Kibbutzniks glaubten einst an Frieden mit Palästinensern, jetzt nicht mehr

Ehemalige Friedensbefürworter in israelischen Kibbutzim erleben einen radikalen Sinneswandel nach den Angriffen von Hamas. Ihre Ansichten spiegeln den rechtspopulistischen Trend in Israel wider.

Im Herzen von Tzora, einer grünen Gemeinde westlich von Jerusalem, sitzt Almog Holot in ihrer neuen Wohnung und gleitet mit den Fingern über eine Schüssel mit Kristallen, während die Windspiele auf ihrem Balkon im sanften Wind wehen.

Vor achtzehn Monaten verbrachte sie zwölf Stunden damit, den Griff zur Tür ihres Schutzraums in Kibbutz Nirim festzuhalten, zusammen mit ihrer Mutter und ihren Kindern, die damals sechs und acht Jahre alt waren. Sie versteckten sich vor Hamas-Kämpfern, die Granaten auf ihr Haus warfen, ihr Zuhause plünderten und die Gemeinschaft terrorisierten.

Die Angriffe vom 7. Oktober

Am 7. Oktober 2023 wurden fünf Menschen aus Holots Kibbutz getötet und weitere fünf entführt, als Hamas und andere militante Gruppen einen koordinierten Terrorangriff auf israelische Gemeinden und Militärposten starteten, bei dem 1.200 Menschen ums Leben kamen und 251 entführt wurden.

Holot und ihre Familie überlebten diesen Angriff, doch ihr Glaube an den Frieden hat gelitten. „Ich weiß nicht, woran ich glaube, aber es ist nicht der Frieden“, sagte sie in einem Interview.

Das Leben im Kibbutz

Holot und ihr Ex-Mann, der aus Nirim stammt, hatten beschlossen, ihre Familie dort zu gründen, weil sie glaubten, es sei der beste Ort für ihre Kinder. „Kibbutzim sind in vielerlei Hinsicht wie ein Paradies auf Erden“, erklärte sie. „Man lebt in einer Gemeinschaft, in der Geld nicht die wichtigste Rolle spielt. Die Menschen kennen einander, kümmern sich umeinander und helfen sich gegenseitig.“

Obwohl ihre Kinder in einer Realität aufwuchsen, in der jederzeit eine Rakete einschlagen konnte, bezeichnete Holot die Zeit vor dem 7. Oktober als „meistens friedlich“. Die meisten Menschen in Gaza seien gut, genau wie sie selbst, waren sich Holots Kinder bewusst. Wie viele Bewohner der nähe des Gazastreifens lebenden Kibbutzim hat sie linke politische Ansichten und glaubte früher an den Frieden mit den Palästinensern.

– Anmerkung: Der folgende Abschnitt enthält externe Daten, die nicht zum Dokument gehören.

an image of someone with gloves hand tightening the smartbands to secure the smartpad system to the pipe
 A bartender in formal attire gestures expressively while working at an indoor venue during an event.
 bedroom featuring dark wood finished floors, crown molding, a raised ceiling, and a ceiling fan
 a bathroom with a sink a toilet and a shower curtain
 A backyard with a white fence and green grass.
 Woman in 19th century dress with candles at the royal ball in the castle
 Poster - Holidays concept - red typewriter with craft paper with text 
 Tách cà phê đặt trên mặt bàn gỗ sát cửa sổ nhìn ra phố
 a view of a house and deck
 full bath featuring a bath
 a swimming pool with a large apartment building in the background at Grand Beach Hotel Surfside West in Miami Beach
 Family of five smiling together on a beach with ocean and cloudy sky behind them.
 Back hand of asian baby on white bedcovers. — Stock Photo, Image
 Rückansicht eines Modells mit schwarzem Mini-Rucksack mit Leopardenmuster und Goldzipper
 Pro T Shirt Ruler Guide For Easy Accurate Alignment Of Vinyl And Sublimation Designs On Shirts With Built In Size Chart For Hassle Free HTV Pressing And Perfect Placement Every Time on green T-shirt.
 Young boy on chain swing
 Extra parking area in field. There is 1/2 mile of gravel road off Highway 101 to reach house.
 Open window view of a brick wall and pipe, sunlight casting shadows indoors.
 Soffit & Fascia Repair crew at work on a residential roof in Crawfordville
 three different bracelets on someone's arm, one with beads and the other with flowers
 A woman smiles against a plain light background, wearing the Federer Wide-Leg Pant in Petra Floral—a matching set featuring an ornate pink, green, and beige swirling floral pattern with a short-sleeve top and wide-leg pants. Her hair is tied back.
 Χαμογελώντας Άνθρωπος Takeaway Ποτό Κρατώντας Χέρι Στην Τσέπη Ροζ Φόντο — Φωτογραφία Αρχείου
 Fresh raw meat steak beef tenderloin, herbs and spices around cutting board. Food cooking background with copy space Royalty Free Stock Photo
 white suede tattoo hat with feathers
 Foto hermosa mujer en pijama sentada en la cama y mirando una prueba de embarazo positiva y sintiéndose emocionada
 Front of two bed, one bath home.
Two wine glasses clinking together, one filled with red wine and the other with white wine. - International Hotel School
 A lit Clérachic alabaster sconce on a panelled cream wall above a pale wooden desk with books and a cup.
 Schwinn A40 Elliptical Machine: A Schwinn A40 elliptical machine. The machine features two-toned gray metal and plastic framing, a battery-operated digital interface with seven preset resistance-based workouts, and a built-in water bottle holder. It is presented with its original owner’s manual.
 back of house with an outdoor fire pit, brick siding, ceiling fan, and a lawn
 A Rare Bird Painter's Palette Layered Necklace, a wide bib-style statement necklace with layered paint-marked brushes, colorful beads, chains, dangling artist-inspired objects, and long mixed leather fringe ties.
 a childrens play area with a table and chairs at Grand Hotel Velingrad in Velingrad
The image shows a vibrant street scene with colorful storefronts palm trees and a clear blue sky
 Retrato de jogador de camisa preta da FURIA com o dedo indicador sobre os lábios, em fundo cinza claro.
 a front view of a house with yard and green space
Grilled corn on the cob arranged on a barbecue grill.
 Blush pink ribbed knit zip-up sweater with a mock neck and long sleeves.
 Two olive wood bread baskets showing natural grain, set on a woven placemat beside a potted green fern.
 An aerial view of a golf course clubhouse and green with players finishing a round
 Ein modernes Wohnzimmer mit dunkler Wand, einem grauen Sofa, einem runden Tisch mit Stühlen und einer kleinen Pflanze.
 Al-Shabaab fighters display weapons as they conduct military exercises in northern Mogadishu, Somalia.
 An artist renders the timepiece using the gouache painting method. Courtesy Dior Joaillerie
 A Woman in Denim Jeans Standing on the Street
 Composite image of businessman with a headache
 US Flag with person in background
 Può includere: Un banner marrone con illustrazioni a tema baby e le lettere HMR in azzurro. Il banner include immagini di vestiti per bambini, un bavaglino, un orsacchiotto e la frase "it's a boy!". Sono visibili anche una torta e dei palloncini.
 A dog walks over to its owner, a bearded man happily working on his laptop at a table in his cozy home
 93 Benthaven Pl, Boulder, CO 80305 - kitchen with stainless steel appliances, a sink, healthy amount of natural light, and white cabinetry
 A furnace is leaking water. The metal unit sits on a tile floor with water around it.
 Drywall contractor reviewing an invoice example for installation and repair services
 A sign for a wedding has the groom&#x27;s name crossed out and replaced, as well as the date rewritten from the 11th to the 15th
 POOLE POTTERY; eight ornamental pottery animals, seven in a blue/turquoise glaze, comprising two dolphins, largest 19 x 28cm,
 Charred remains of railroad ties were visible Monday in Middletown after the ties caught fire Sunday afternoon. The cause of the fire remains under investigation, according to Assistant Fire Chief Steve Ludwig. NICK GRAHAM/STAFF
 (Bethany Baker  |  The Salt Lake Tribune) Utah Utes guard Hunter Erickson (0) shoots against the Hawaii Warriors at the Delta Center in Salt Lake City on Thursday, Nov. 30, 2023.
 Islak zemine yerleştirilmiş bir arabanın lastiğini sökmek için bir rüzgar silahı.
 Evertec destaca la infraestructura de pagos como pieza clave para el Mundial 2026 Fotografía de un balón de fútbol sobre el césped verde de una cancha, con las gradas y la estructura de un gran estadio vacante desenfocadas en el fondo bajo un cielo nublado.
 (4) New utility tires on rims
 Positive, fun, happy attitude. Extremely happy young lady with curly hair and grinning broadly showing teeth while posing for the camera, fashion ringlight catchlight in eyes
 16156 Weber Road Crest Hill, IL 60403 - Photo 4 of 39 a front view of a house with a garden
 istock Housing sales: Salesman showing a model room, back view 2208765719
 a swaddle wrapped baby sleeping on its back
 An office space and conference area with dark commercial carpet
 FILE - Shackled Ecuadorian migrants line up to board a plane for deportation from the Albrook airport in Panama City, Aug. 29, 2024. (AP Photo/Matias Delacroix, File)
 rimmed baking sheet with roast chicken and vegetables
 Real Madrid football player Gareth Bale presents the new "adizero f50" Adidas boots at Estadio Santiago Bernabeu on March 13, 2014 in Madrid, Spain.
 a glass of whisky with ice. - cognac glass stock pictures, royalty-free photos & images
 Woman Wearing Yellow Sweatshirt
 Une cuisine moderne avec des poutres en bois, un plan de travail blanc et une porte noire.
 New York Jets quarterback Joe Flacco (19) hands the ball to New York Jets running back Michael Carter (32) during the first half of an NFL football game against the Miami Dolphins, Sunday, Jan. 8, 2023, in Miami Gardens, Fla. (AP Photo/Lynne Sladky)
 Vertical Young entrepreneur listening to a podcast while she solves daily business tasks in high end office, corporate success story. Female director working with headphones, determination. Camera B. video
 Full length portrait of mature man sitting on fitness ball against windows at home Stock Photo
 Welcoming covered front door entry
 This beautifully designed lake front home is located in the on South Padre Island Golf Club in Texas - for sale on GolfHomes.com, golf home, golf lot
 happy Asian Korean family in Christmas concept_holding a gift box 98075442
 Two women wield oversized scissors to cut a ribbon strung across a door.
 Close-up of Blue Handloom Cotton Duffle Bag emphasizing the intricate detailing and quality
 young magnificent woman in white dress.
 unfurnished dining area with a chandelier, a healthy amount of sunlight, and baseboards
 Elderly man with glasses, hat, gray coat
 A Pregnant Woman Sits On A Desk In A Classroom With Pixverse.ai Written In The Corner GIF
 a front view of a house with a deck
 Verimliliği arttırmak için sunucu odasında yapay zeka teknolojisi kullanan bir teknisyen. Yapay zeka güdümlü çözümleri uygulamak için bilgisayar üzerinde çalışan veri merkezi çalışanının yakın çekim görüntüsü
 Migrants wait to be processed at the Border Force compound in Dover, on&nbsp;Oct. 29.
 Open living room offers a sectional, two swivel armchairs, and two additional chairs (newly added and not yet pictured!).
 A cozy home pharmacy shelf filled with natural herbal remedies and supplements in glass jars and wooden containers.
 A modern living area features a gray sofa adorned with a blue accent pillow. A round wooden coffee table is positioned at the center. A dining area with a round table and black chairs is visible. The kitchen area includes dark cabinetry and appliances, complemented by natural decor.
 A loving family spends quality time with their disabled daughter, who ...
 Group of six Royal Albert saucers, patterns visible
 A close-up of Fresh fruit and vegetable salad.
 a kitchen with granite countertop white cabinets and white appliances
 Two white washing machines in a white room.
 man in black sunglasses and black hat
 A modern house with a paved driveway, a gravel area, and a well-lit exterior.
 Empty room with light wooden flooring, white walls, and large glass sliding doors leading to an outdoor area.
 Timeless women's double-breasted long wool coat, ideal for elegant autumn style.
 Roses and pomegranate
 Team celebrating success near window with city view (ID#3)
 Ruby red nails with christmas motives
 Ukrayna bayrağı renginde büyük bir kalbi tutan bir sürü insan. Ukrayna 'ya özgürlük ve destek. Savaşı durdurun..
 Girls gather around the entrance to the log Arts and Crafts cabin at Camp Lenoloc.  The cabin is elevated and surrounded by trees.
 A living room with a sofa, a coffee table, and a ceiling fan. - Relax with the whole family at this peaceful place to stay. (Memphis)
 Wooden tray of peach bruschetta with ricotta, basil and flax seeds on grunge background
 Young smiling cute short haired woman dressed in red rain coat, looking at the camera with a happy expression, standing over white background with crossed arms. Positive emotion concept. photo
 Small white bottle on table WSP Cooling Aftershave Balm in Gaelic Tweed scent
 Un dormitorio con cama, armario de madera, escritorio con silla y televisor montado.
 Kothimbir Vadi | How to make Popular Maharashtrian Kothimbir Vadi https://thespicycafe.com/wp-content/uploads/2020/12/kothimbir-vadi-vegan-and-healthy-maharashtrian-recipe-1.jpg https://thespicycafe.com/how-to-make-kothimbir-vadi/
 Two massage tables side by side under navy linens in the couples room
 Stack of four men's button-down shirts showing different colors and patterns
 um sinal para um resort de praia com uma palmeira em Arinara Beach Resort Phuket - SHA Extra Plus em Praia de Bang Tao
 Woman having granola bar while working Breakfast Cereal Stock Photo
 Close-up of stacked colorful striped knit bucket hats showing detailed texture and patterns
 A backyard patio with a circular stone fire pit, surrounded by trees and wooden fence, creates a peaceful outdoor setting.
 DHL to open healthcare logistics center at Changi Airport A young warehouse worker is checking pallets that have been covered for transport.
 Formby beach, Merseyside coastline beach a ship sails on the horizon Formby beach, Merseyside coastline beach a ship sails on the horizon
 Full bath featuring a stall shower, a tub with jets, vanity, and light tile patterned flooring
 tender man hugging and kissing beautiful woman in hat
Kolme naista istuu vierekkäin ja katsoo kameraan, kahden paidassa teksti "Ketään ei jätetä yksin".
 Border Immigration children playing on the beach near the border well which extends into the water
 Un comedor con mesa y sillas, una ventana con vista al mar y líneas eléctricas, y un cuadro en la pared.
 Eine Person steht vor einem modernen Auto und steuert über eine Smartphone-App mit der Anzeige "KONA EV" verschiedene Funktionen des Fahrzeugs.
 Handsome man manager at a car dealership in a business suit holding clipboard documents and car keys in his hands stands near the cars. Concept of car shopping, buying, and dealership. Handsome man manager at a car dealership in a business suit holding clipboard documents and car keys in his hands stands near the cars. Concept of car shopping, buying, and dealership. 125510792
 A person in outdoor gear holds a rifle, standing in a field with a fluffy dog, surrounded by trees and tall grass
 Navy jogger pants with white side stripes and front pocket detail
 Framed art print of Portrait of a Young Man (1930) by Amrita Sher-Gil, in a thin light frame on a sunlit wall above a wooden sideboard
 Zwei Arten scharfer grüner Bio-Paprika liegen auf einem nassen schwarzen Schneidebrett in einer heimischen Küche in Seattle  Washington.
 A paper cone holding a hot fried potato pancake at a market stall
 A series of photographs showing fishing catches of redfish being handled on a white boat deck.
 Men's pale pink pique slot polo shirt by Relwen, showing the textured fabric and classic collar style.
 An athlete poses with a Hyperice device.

Ein Wandel der Sichtweisen

„Die Menschen außerhalb meines Kibbutz haben mir oft gesagt, meine Ansichten seien ‚naiv‘“, berichtete sie. „Jetzt glaube ich, dass sie recht hatten.“ Sie kann nicht mehr von einem Frieden zwischen Israelis und Palästinensern sprechen und beschreibt, dass viele in ihrer Gemeinde von den Angriffen „überrascht“ waren, jedoch nicht von den Taten der Hamas. „Wir dachten, die Menschen in Gaza seien wie wir. Und es stellte sich heraus, dass sie es nicht sind“, sagte sie.

Ein ähnliches Gefühl äußerte Avida Bachar aus dem nahegelegenen Kibbutz Be’eri, der seine Frau, seinen Sohn und sein Bein bei den Anschlägen verlor. Vor dem 7. Oktober war er überzeugt, dass Israelis und Palästinenser zusammenleben könnten. Nun glaubt er, dass Israel Gaza dem Erdboden gleichmachen und vollständig kontrollieren sollte.

Psychologische Auswirkungen des Traumas

Änderungen in den Einstellungen sind für Überlebende extremer Traumata nicht überraschend, sagt Merav Roth, eine klinische Psychologin und Psychoanalytikerin aus Haifa. Roth, die ein langfristiges therapeutisches Projekt für die Opfer des 7. Oktober ins Leben gerufen hat, erklärt, dass Überlebende oft auf Dissoziation als Bewältigungsmechanismus zurückgreifen. „Es kostet die meisten Menschen die gesamte Energie, nur mental zu überleben“, so Roth.

Holot sehnt sich nach Schutz für sich und ihre Kinder, die beide an PTSD leiden. Obwohl sie sagt, dass sie den US-Präsidenten Donald Trump oder Premierminister Benjamin Netanyahu politisch nicht unterstützt, hat die Idee, Palästinenser aus Gaza in Drittländer umzusiedeln, sie zum Nachdenken gebracht.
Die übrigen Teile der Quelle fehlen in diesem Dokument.